When Node.js is a good fit for scraping

Node is especially good for:

  • scraping server-rendered HTML pages
  • building “ETL-style” scrapers
  • running lots of small jobs (cron, queues)
  • building internal dashboards that refresh regularly

Node is not a magic bullet for:

  • heavily client-rendered apps (React apps that fetch everything via XHR)
  • pages that require solving complex bot challenges

For those cases, you usually move to a browser automation stack (Playwright) or a first-party API.


Setup

Create a new project:

mkdir node-scraper
cd node-scraper
npm init -y

Install dependencies:

npm install cheerio dotenv

Node 18+ already includes fetch. (If you’re on an older Node, install node-fetch.)

Create a .env:

PROXIESAPI_KEY="YOUR_KEY"

Part 1 — Build a robust fetch() with retries

Scrapers die in the network layer. So we’ll start there.

We want:

  • timeouts (never hang)
  • retries for transient failures
  • a stable User-Agent
// scraper.js
import * as cheerio from "cheerio";
import "dotenv/config";

const PROXIESAPI_KEY = process.env.PROXIESAPI_KEY;
const PROXIESAPI_ENDPOINT = "http://api.proxiesapi.com/";

function sleep(ms) {
  return new Promise((resolve) => setTimeout(resolve, ms));
}

function proxiesApiUrl(targetUrl) {
  if (!PROXIESAPI_KEY) throw new Error("Missing PROXIESAPI_KEY");
  const u = new URL(PROXIESAPI_ENDPOINT);
  u.searchParams.set("auth_key", PROXIESAPI_KEY);
  u.searchParams.set("url", targetUrl);
  return u.toString();
}

async function fetchHtml(url, { useProxiesApi = false, timeoutMs = 45000, retries = 4 } = {}) {
  let lastErr;

  for (let attempt = 1; attempt <= retries; attempt++) {
    const controller = new AbortController();
    const t = setTimeout(() => controller.abort(), timeoutMs);

    try {
      const finalUrl = useProxiesApi ? proxiesApiUrl(url) : url;

      const res = await fetch(finalUrl, {
        signal: controller.signal,
        headers: {
          "User-Agent":
            "Mozilla/5.0 (Macintosh; Intel Mac OS X 10_15_7) AppleWebKit/537.36 (KHTML, like Gecko) Chrome/123.0.0.0 Safari/537.36",
          Accept: "text/html,application/xhtml+xml,application/xml;q=0.9,*/*;q=0.8",
          "Accept-Language": "en-US,en;q=0.9",
        },
      });

      if (!res.ok) {
        throw new Error(`HTTP ${res.status} ${res.statusText}`);
      }

      const html = await res.text();
      if (html.length < 2000) {
        throw new Error(`Response too small (${html.length} bytes)`);
      }

      return html;
    } catch (e) {
      lastErr = e;
      if (attempt === retries) break;

      const backoff = (2 ** attempt) * 1000 + Math.floor(Math.random() * 400);
      console.log(`attempt ${attempt} failed: ${e}. sleeping ${backoff}ms`);
      await sleep(backoff);
    } finally {
      clearTimeout(t);
    }
  }

  throw new Error(`Failed to fetch ${url}: ${lastErr}`);
}

Use ProxiesAPI or not?

  • For friendly sites: set useProxiesApi: false
  • For targets that start throttling/denying: set useProxiesApi: true

In real pipelines, you often start without proxies, then switch on proxies for specific hosts.

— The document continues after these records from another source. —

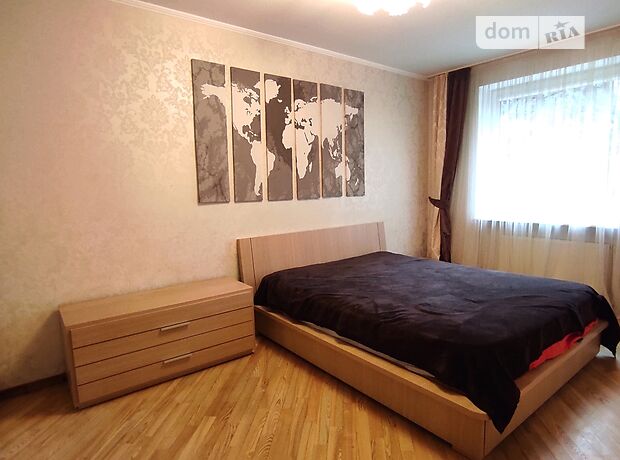 одноэтажный дом с камином, 67 кв. м, кирпич. Сдается помесячно в Луцке, в районе Балка фото 1 одноэтажный дом с камином, 67 кв. м, кирпич. Сдается помесячно в Луцке, в районе Балка фото 1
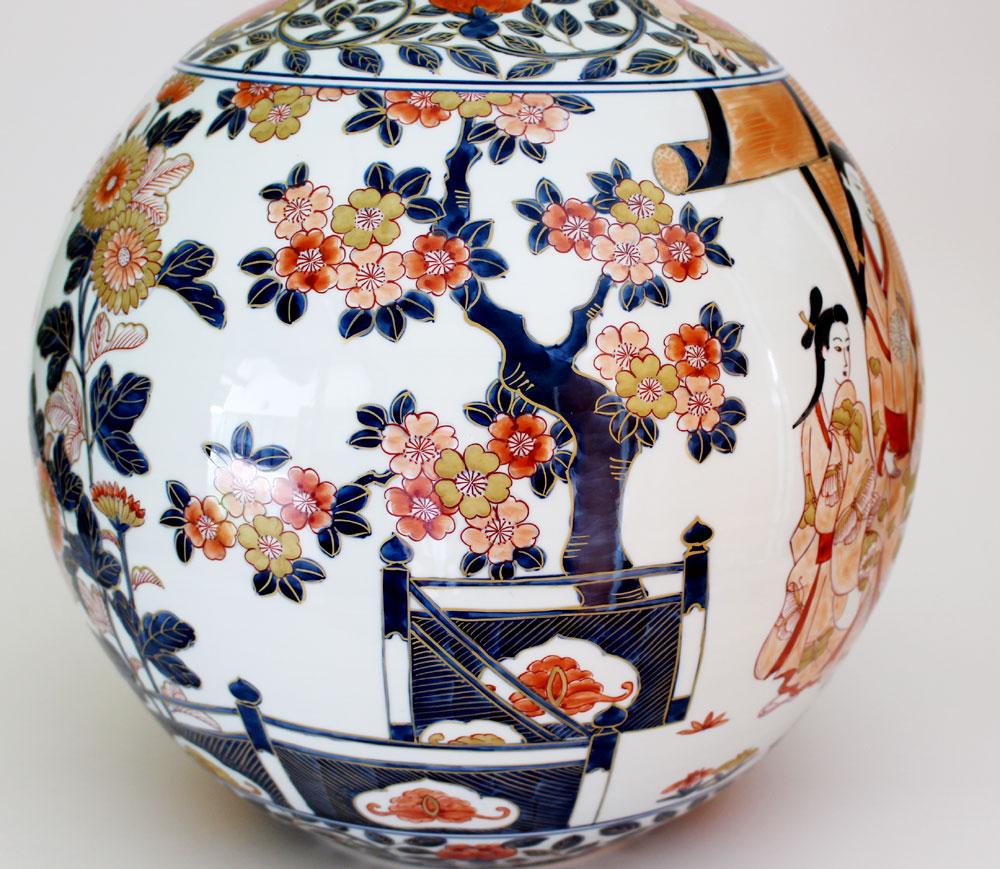Japanese Contemporary Blue Gold Pink Porcelain Vase by Master Artist For Sale 2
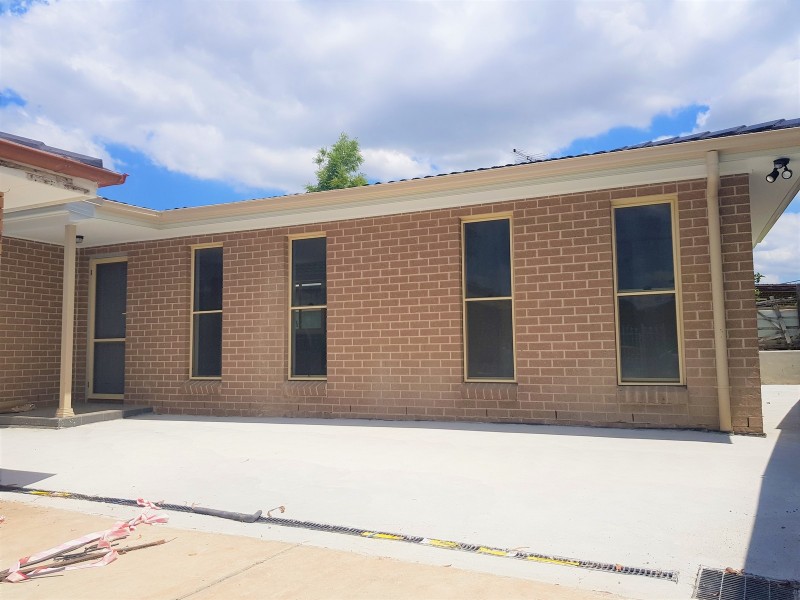 8A STRZLECKI CLOSE, Wakeley NSW 2176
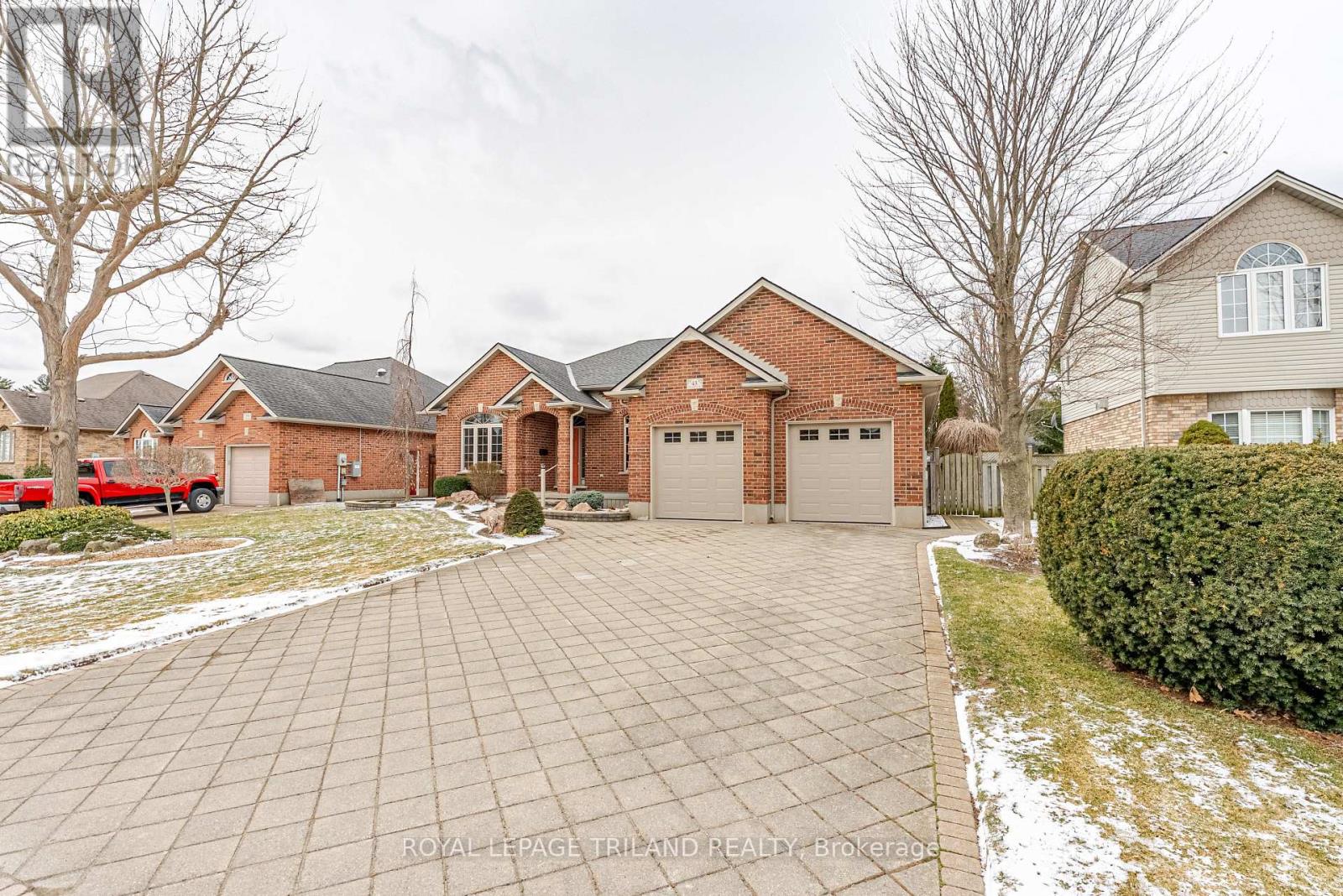 43 Pinehurst Drive, Thames Centre, Ontario N0L 1G2 - Photo 2 - X12899386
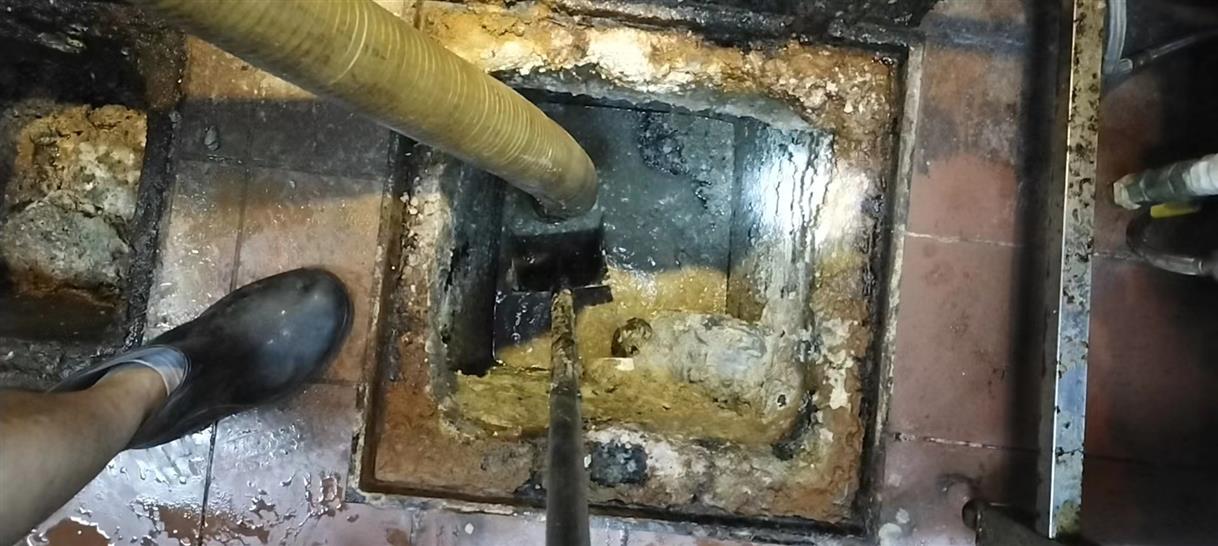 静乐污水池清理一般都有毒气，怎么预防中毒呢？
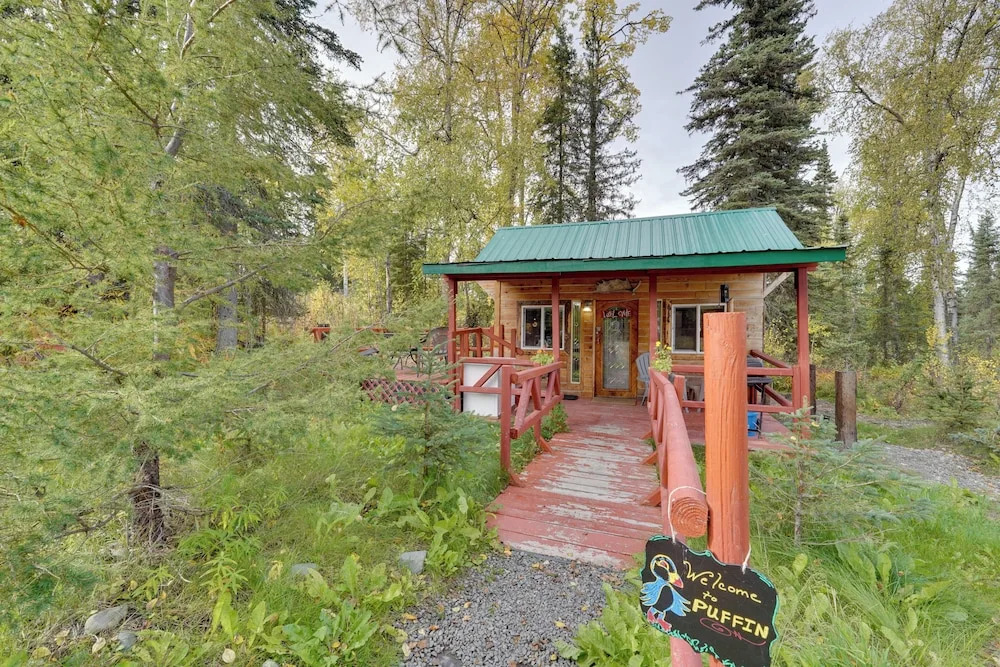7 Mi to Kenai River: Soldotna Cabin w/ Lake Access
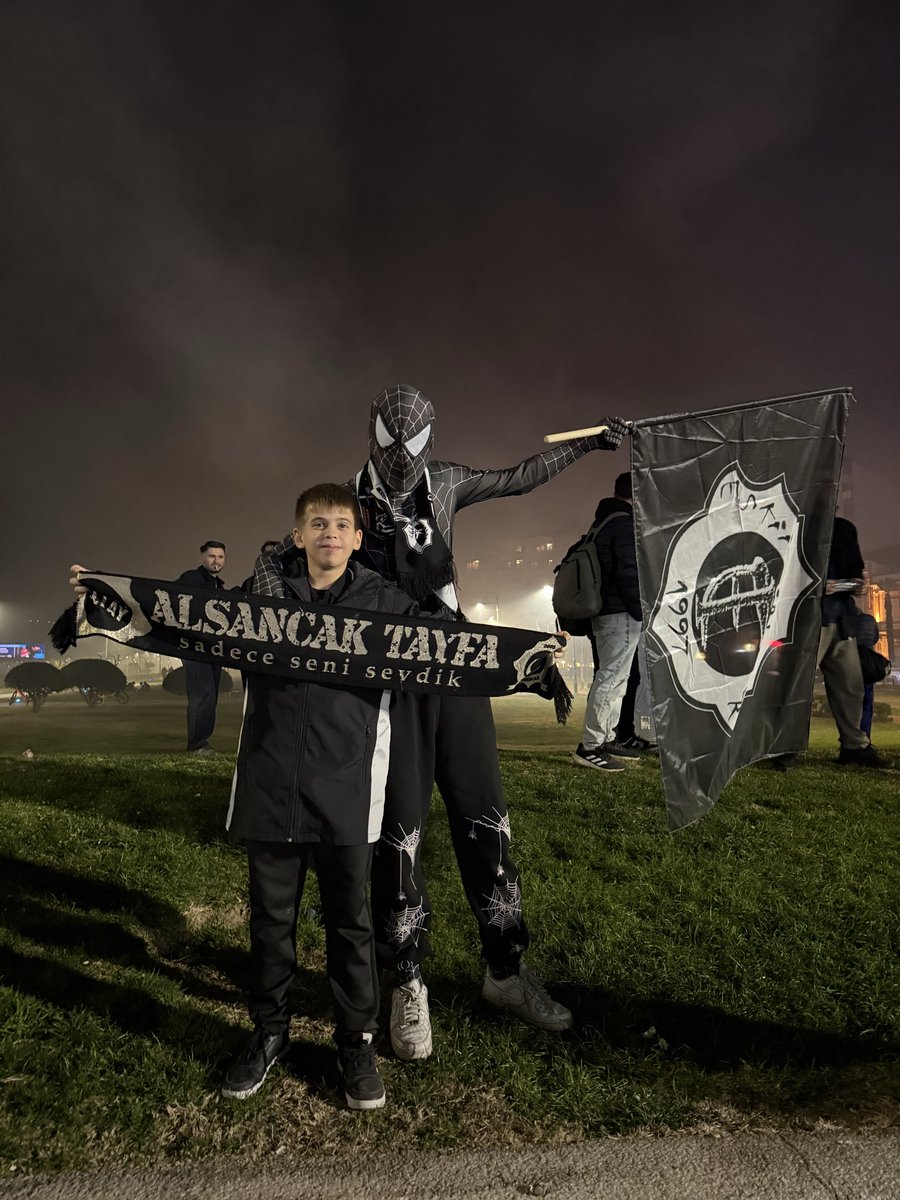 Spiderman bile geldi gelmeyenler utansın🤣🖤🤍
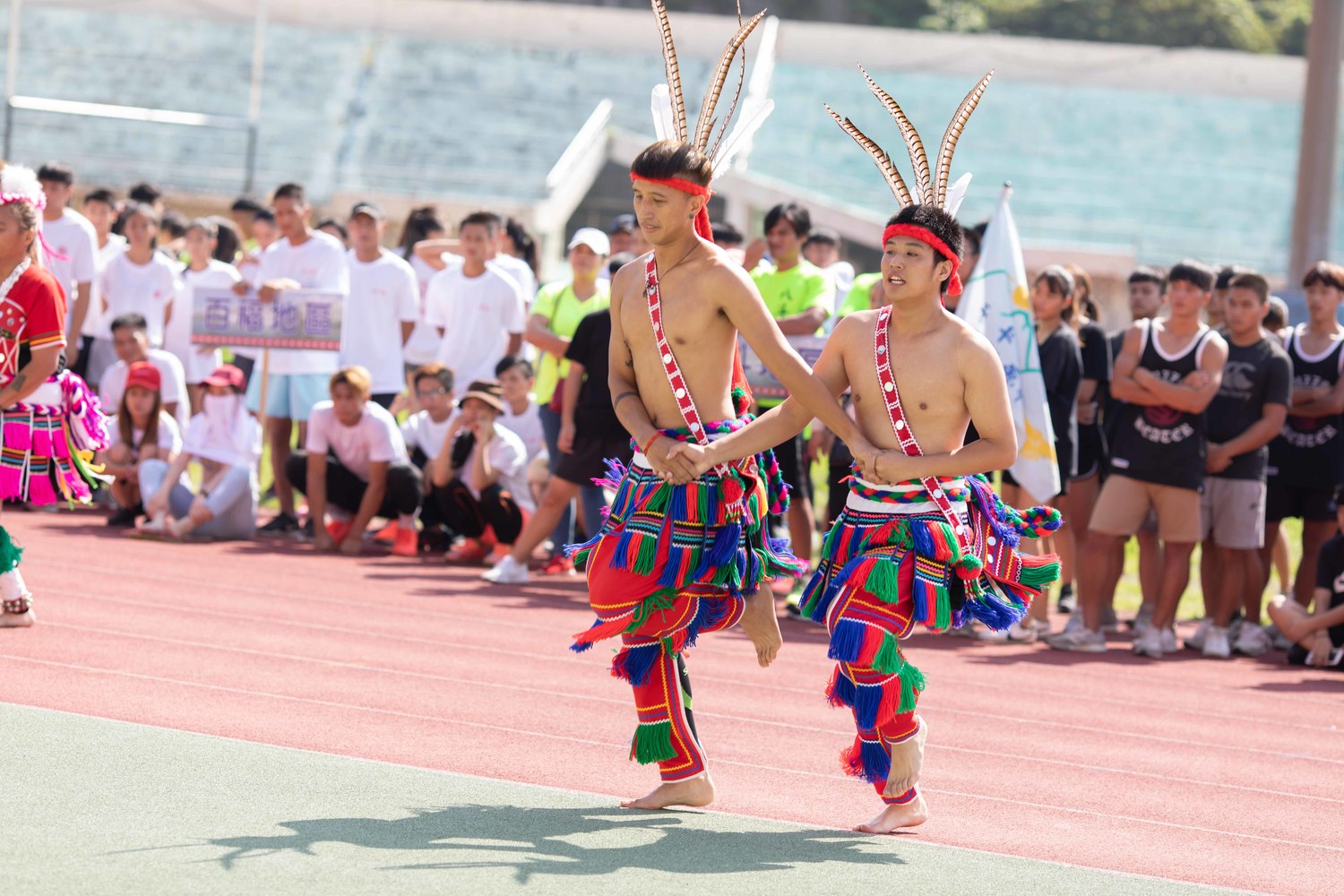 這次的原住民族運動會，由原住民文化會館舞蹈團精彩的表演揭開序幕。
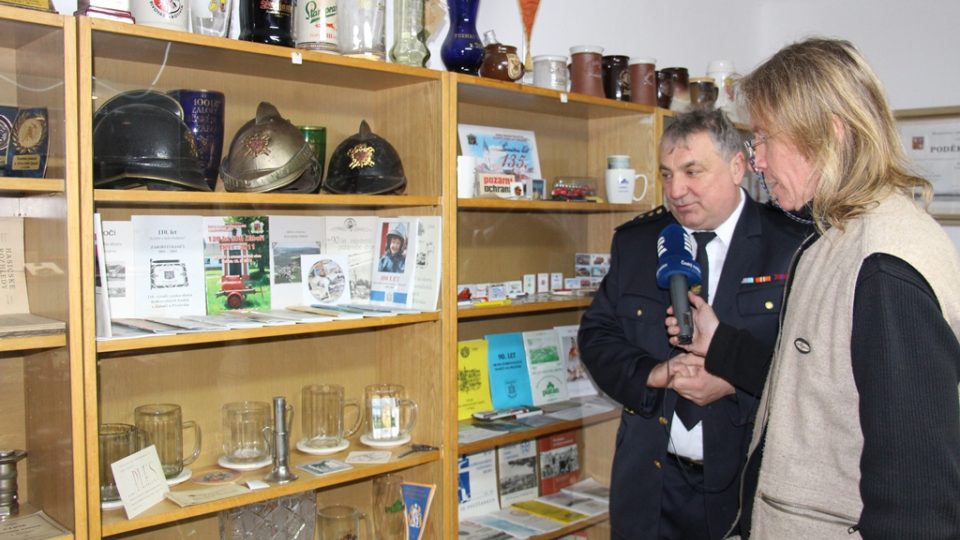SDH Záboří bojuje v soutěži Dobráci roku. Sbor provozuje vlastní minimuzeum, na snímku starosta Josef Kovářík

Part 2 — Parse HTML with Cheerio (selectors that make sense)

Cheerio gives you jQuery-like selectors.

Here’s a generic example for parsing a “listing card” page:

function parseListingPage(html, { baseUrl }) {
  const $ = cheerio.load(html);

  const out = [];

  $("article, .card, .product, .result").each((_, el) => {
    // Try to find a reasonable link + title inside a card.
    const a = $(el).find("a[href]").first();
    const href = a.attr("href");
    const title = a.text().trim();

    if (!href || title.length < 4) return;

    const url = new URL(href, baseUrl).toString();

    // Best-effort price extraction.
    const textBlob = $(el).text().replace(/\s+/g, " ").trim();
    const priceMatch = textBlob.match(/(\$\s?\d[\d\.,]*|€\s?\d[\d\.,]*|£\s?\d[\d\.,]*)/);

    out.push({
      title,
      url,
      price: priceMatch ? priceMatch[1] : null,
    });
  });

  return out;
}

This pattern is useful because it’s resilient across sites: you don’t overfit to one class name.

For high accuracy on a single target, you should:

  • inspect the HTML in DevTools
  • target specific containers (e.g. div[data-testid='product-card'])
  • write selectors based on attributes instead of CSS classes

Part 3 — Crawl pagination (without guessing)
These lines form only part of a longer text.